§ Exercise prompt
Below are some records: retype them all exactly, but not the pictures.

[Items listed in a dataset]
_ _ _ _ _ _ _

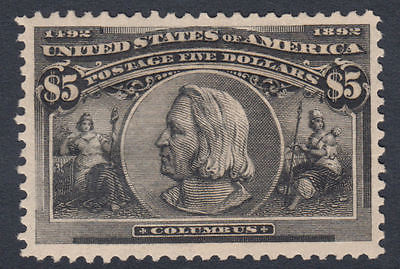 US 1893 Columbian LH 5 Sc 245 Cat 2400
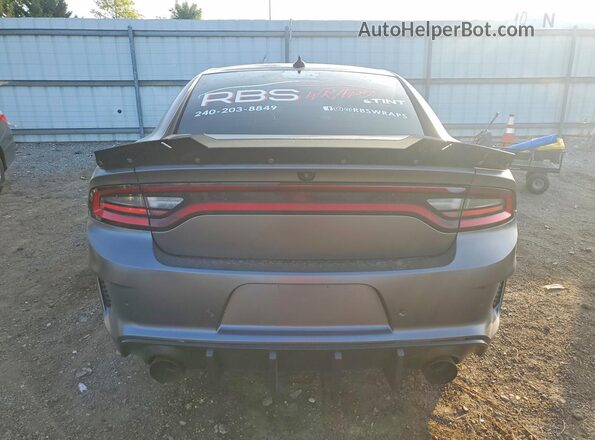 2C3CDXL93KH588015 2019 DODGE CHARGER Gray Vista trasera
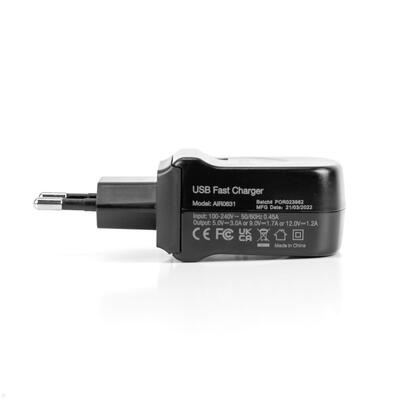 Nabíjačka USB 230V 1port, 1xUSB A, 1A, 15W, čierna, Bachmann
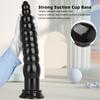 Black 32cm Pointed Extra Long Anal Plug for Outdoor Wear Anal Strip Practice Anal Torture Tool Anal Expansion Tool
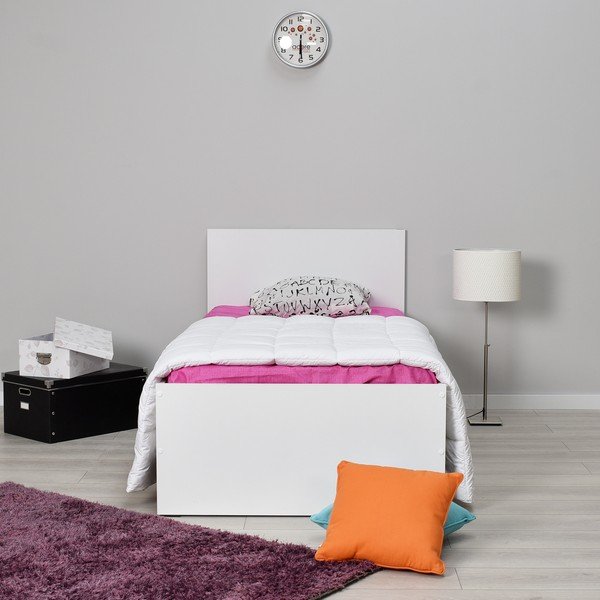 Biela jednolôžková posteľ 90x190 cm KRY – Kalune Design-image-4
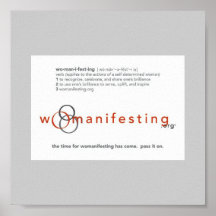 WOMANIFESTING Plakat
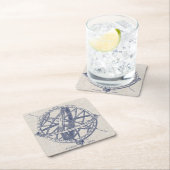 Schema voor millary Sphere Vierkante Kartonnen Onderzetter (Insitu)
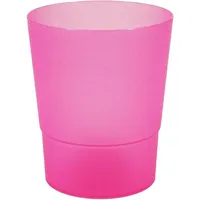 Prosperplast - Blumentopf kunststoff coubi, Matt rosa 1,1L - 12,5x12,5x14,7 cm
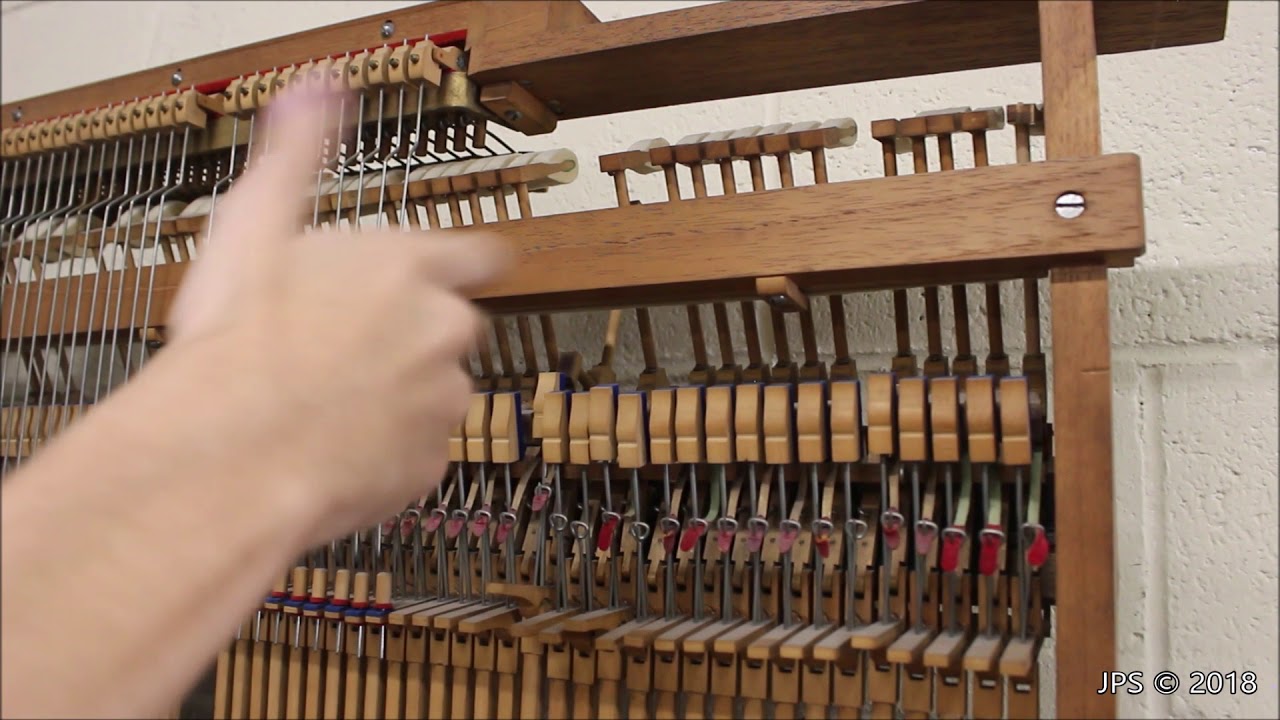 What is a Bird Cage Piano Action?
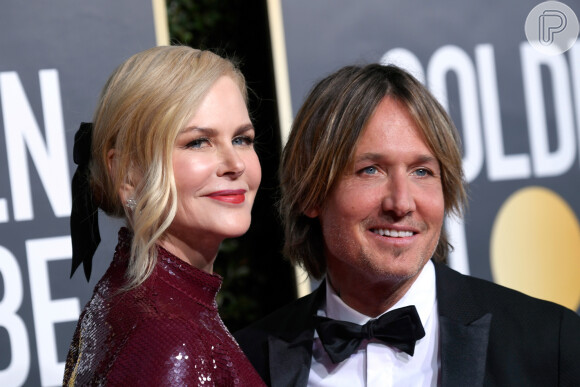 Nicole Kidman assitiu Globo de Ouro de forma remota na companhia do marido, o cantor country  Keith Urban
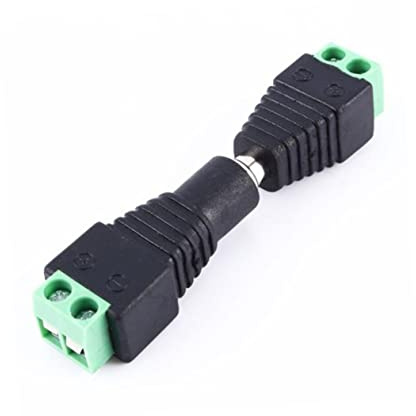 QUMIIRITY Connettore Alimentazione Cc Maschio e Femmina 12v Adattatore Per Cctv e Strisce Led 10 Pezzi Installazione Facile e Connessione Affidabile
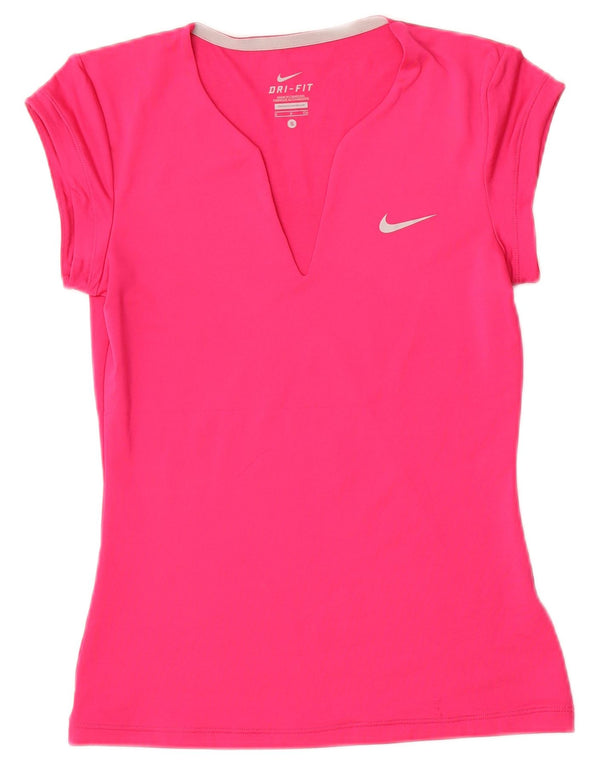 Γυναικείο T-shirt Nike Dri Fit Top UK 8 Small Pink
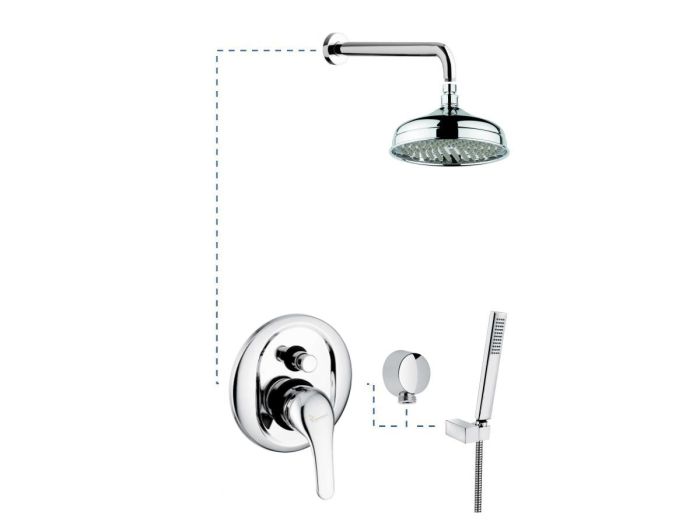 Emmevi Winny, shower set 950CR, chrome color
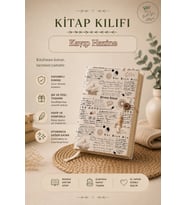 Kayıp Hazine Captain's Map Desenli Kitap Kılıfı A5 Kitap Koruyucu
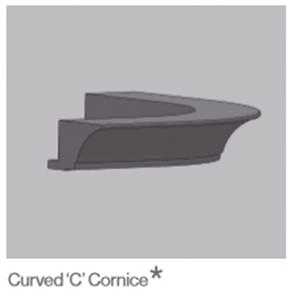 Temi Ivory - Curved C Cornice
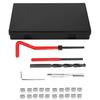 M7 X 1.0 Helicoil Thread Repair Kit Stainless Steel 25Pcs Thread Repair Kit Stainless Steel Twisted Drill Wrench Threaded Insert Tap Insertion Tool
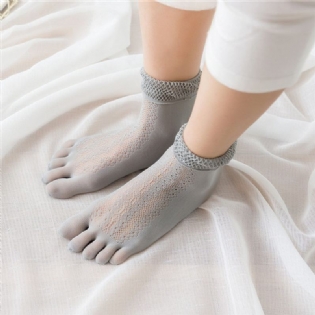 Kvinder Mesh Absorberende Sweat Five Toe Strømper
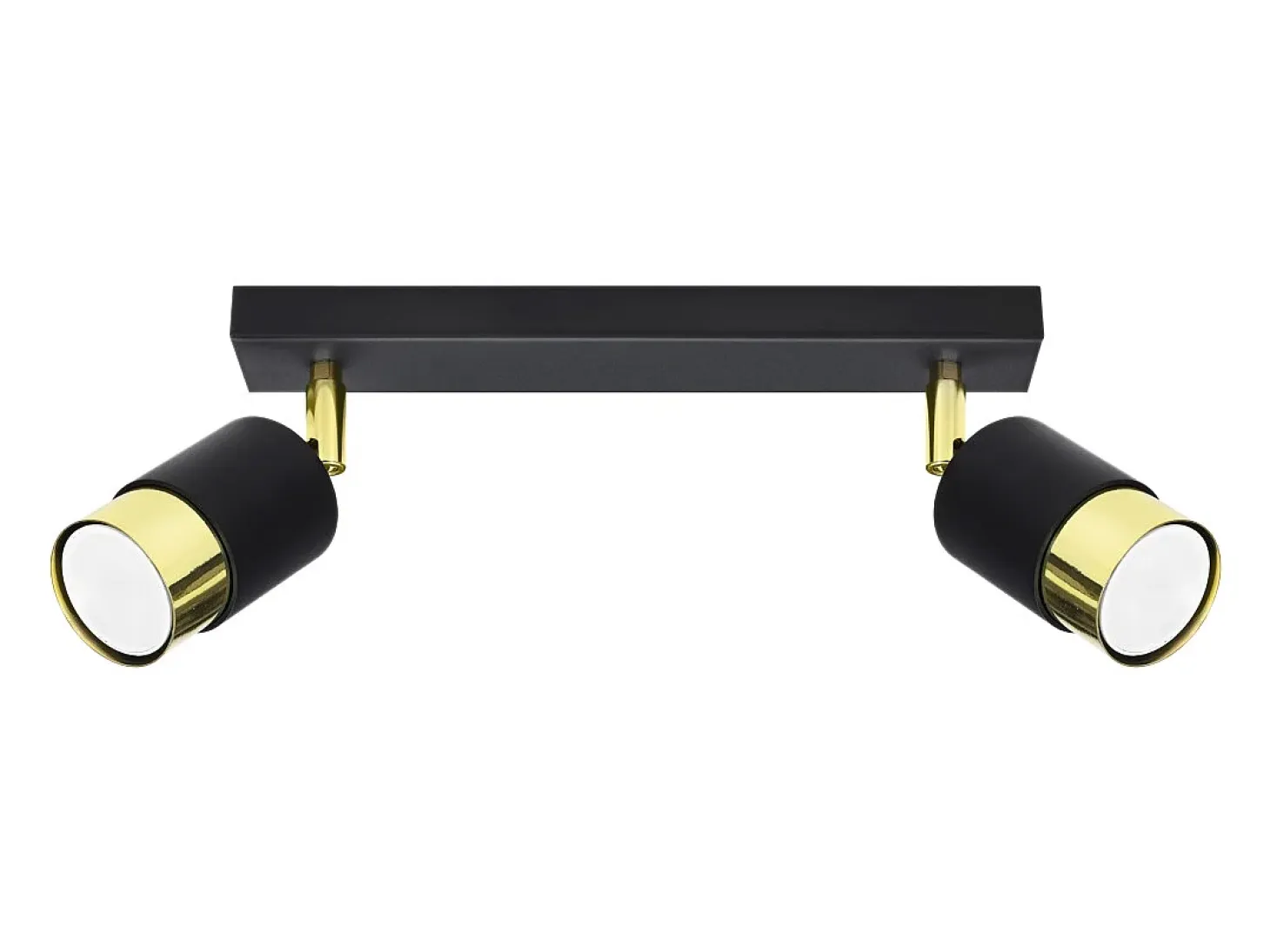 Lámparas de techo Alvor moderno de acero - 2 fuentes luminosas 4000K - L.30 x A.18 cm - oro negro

_ _ _ _ _ _ _

§ Response to the task
 US 1893 Columbian LH 5 Sc 245 Cat 2400
 2C3CDXL93KH588015 2019 DODGE CHARGER Gray Vista trasera
 Nabíjačka USB 230V 1port, 1xUSB A, 1A, 15W, čierna, Bachmann
 Black 32cm Pointed Extra Long Anal Plug for Outdoor Wear Anal Strip Practice Anal Torture Tool Anal Expansion Tool
 Biela jednolôžková posteľ 90x190 cm KRY – Kalune Design-image-4
 WOMANIFESTING Plakat
 Schema voor millary Sphere Vierkante Kartonnen Onderzetter (Insitu)
 Prosperplast - Blumentopf kunststoff coubi, Matt rosa 1,1L - 12,5x12,5x14,7 cm
 What is a Bird Cage Piano Action?
 Nicole Kidman assitiu Globo de Ouro de forma remota na companhia do marido, o cantor country  Keith Urban
 QUMIIRITY Connettore Alimentazione Cc Maschio e Femmina 12v Adattatore Per Cctv e Strisce Led 10 Pezzi Installazione Facile e Connessione Affidabile
 Γυναικείο T-shirt Nike Dri Fit Top UK 8 Small Pink
 Emmevi Winny, shower set 950CR, chrome color
 Kayıp Hazine Captain's Map Desenli Kitap Kılıfı A5 Kitap Koruyucu
 Temi Ivory - Curved C Cornice
 M7 X 1.0 Helicoil Thread Repair Kit Stainless Steel 25Pcs Thread Repair Kit Stainless Steel Twisted Drill Wrench Threaded Insert Tap Insertion Tool
 Kvinder Mesh Absorberende Sweat Five Toe Strømper
 Lámparas de techo Alvor moderno de acero - 2 fuentes luminosas 4000K - L.30 x A.18 cm - oro negro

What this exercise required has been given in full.